→ **The data**
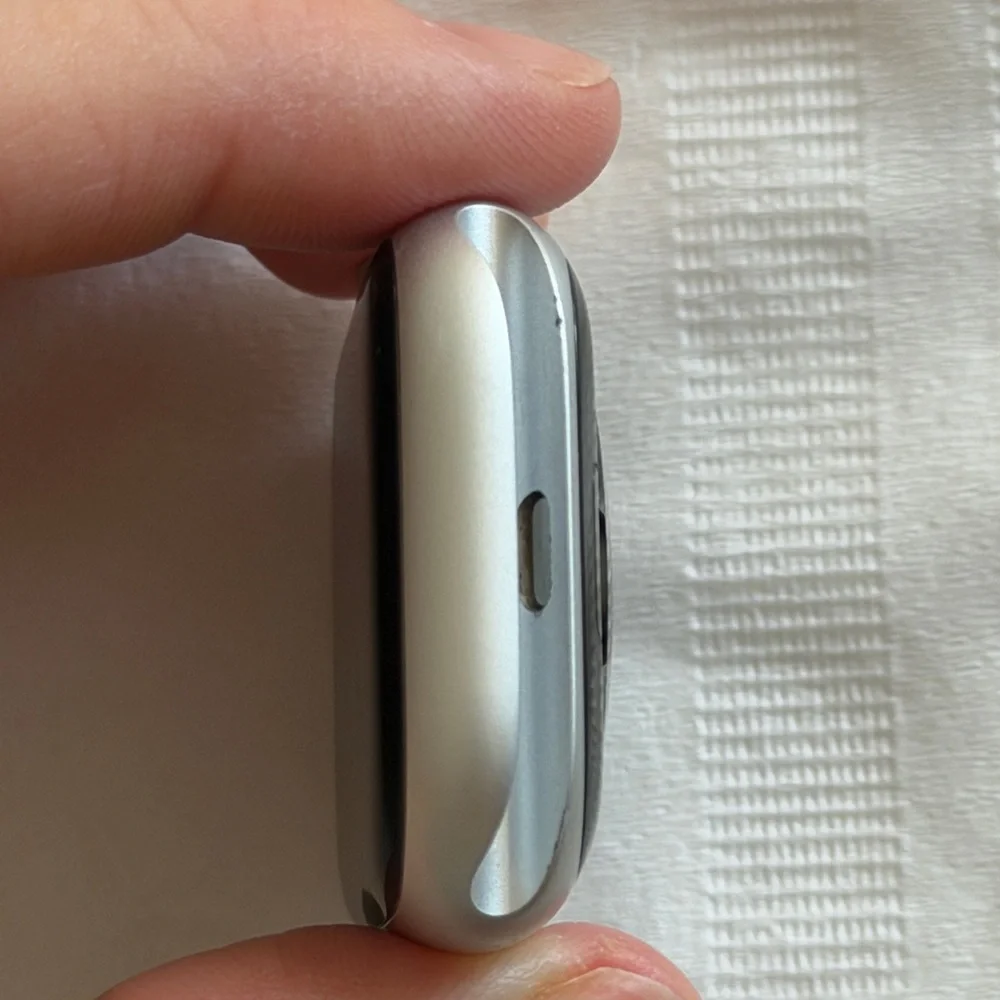 Apple Watch Series 8 - 41mm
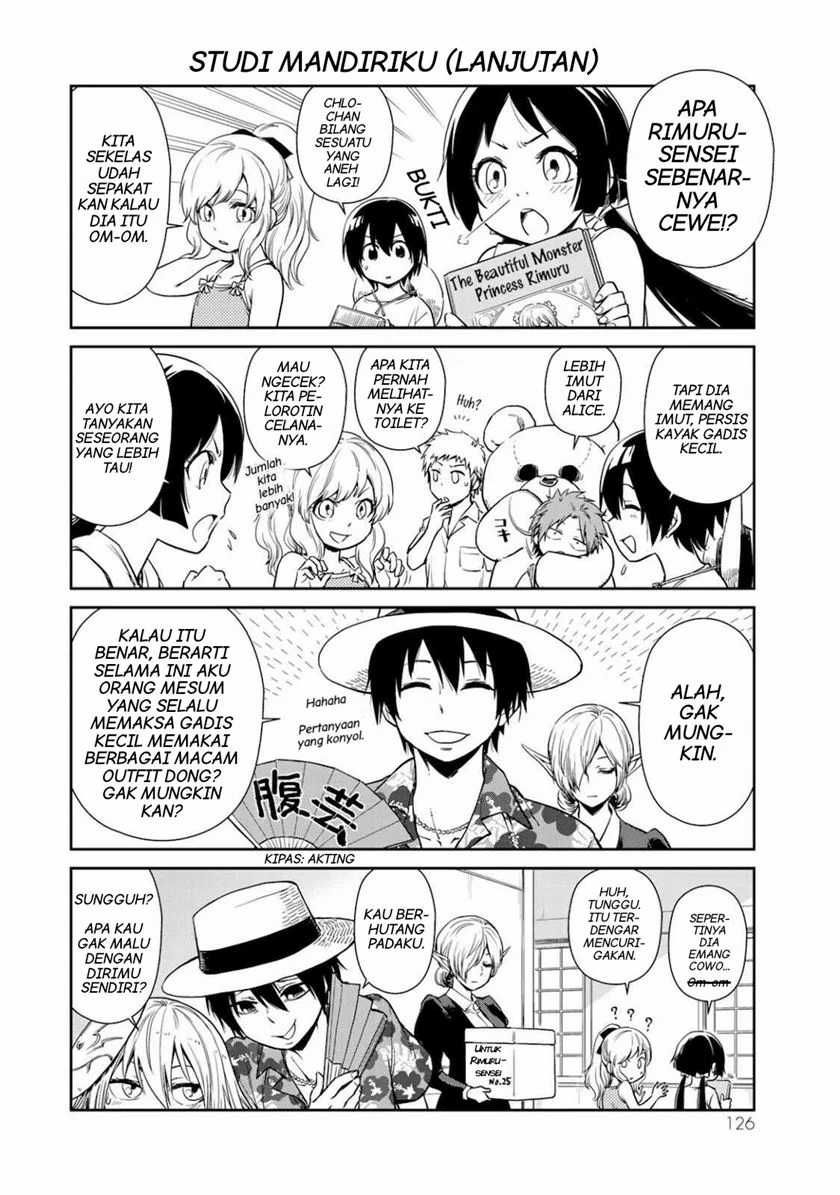 Chapter 36 - halaman 8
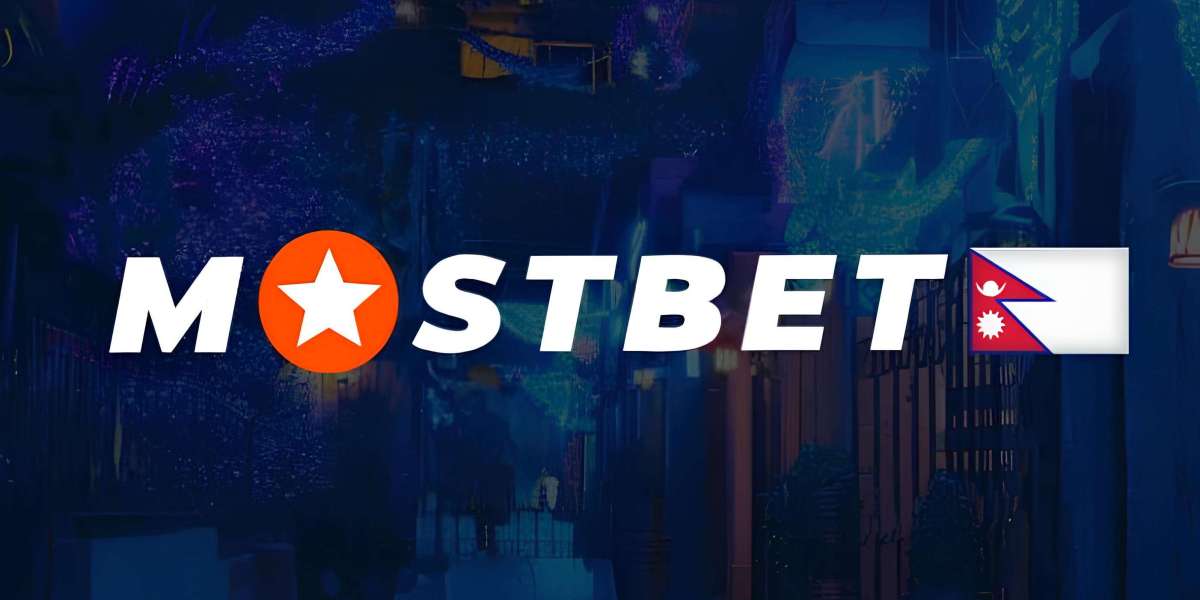 Revolutionizing Betting in Nepal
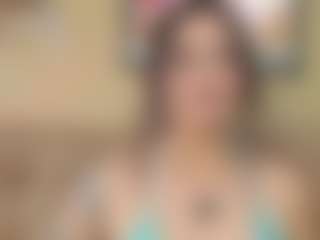 Gaby Manson's Live Sex Cam Show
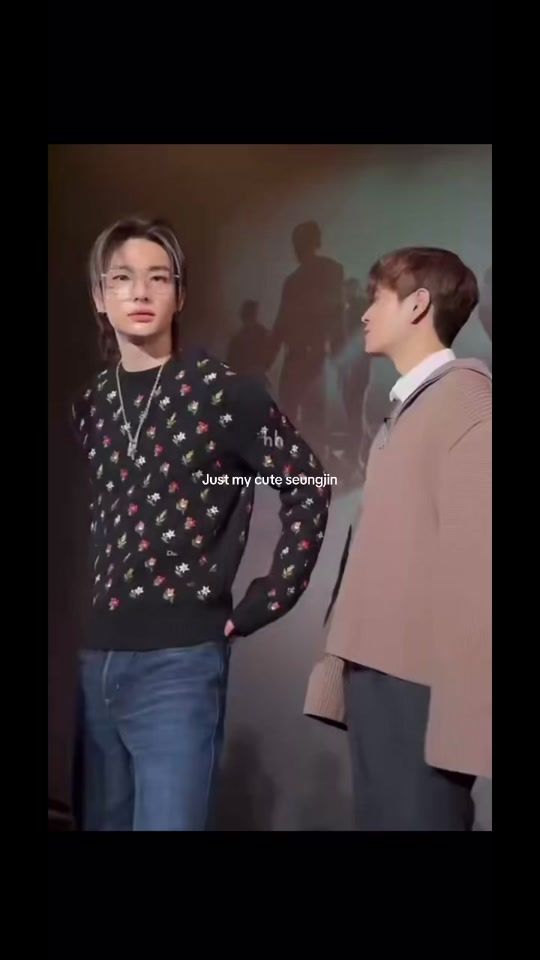 TikTok video thumbnail by smprimz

→ **What to produce**
A verbatim copy of every record above is required, with all pictures omitted.

→ **Problem solution**
 Apple Watch Series 8 - 41mm
 Chapter 36 - halaman 8
 Revolutionizing Betting in Nepal
 Gaby Manson's Live Sex Cam Show
 TikTok video thumbnail by smprimz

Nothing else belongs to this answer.